▼
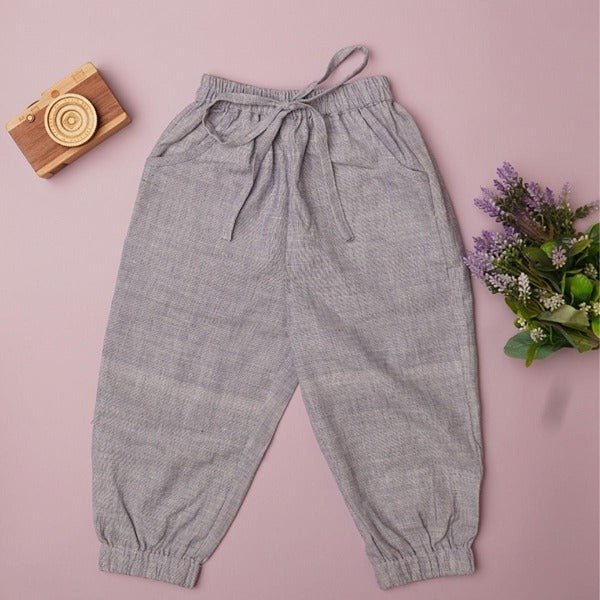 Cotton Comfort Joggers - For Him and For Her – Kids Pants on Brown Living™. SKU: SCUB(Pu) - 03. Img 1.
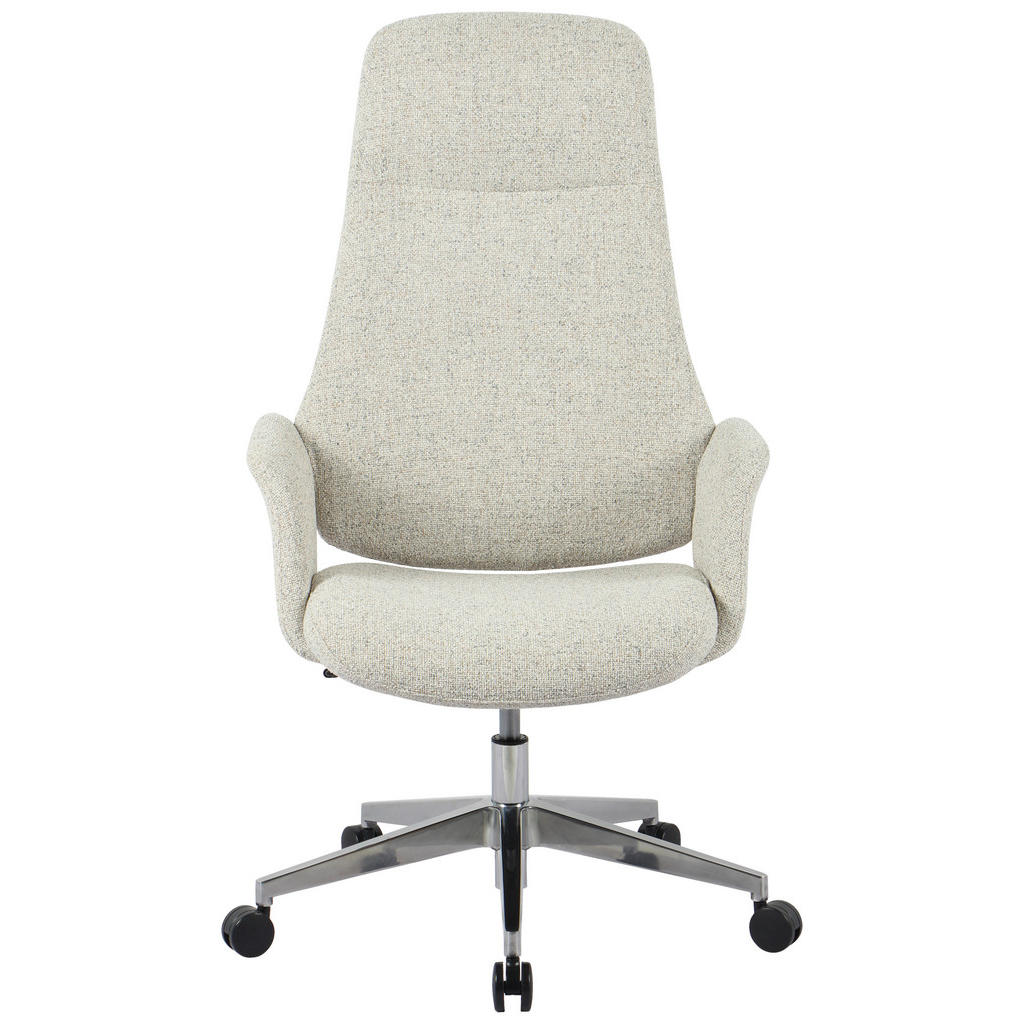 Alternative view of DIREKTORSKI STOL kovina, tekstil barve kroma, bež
▲
▼
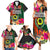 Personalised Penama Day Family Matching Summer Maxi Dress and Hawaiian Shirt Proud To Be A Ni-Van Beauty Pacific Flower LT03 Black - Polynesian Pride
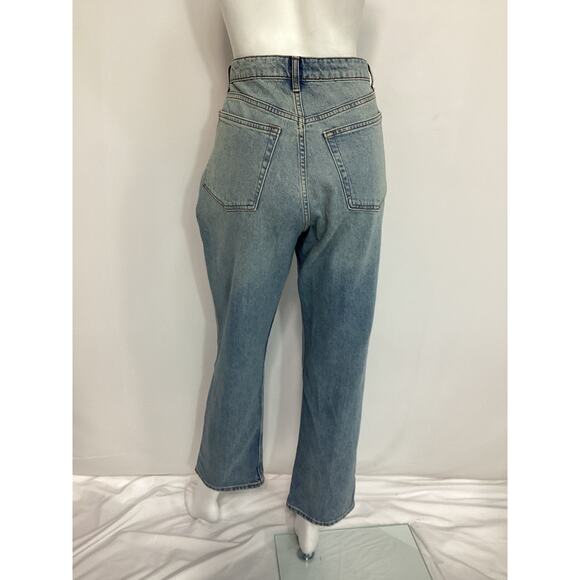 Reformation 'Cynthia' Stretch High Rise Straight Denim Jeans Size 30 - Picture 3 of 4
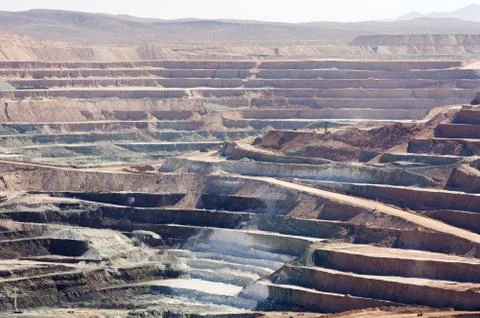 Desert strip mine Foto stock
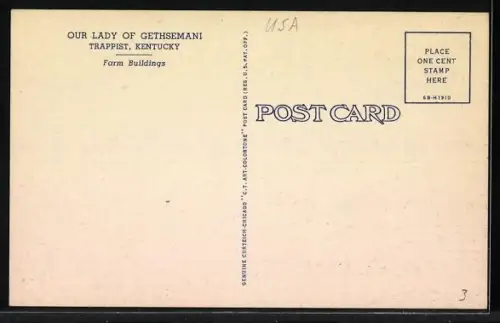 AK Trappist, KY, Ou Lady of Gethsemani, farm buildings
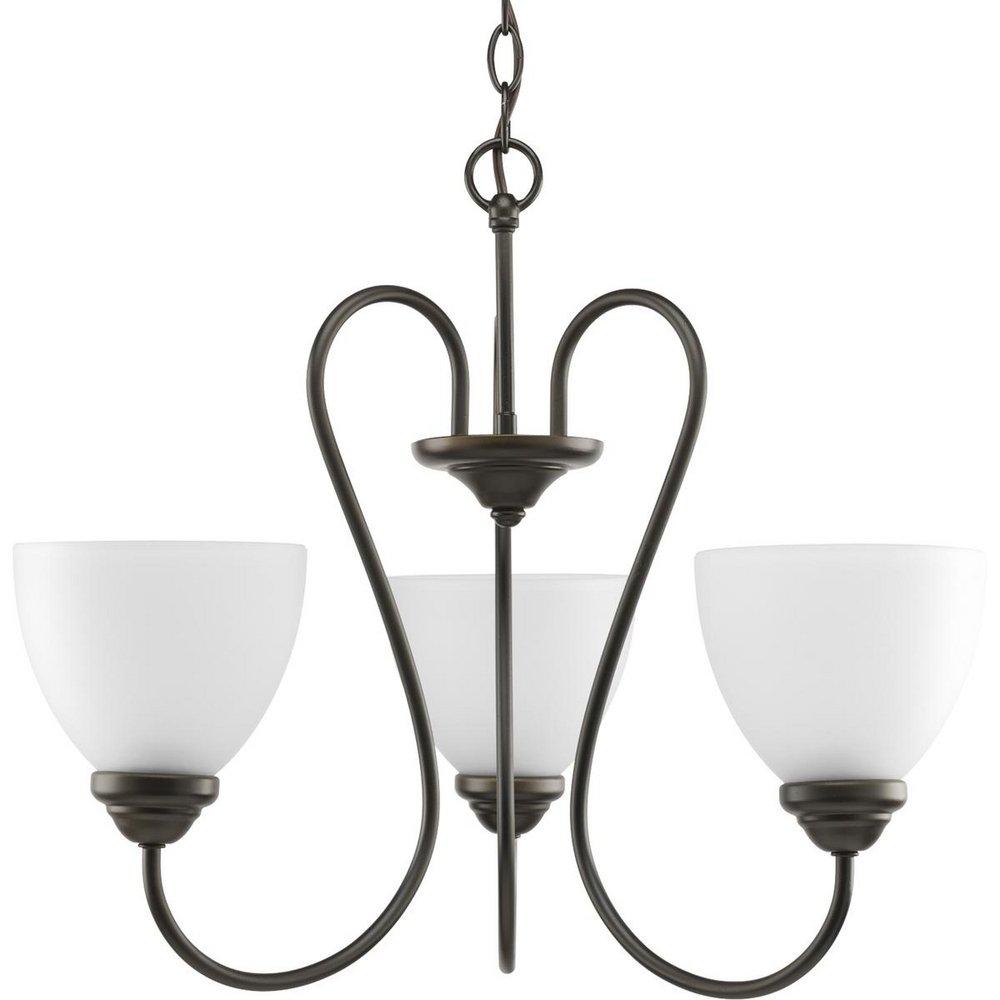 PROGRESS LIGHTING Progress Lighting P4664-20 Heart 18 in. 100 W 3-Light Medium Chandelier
▲
■ Work required
Reproduce the listing above only between the lines holding "Personalised Penama Day" and "PROGRESS LIGHTING Progress", inclusive. Every line must match exactly, and pictures are dropped.

■ The completed task
 Personalised Penama Day Family Matching Summer Maxi Dress and Hawaiian Shirt Proud To Be A Ni-Van Beauty Pacific Flower LT03 Black - Polynesian Pride
 Reformation 'Cynthia' Stretch High Rise Straight Denim Jeans Size 30 - Picture 3 of 4
 Desert strip mine Foto stock
 AK Trappist, KY, Ou Lady of Gethsemani, farm buildings
 PROGRESS LIGHTING Progress Lighting P4664-20 Heart 18 in. 100 W 3-Light Medium Chandelier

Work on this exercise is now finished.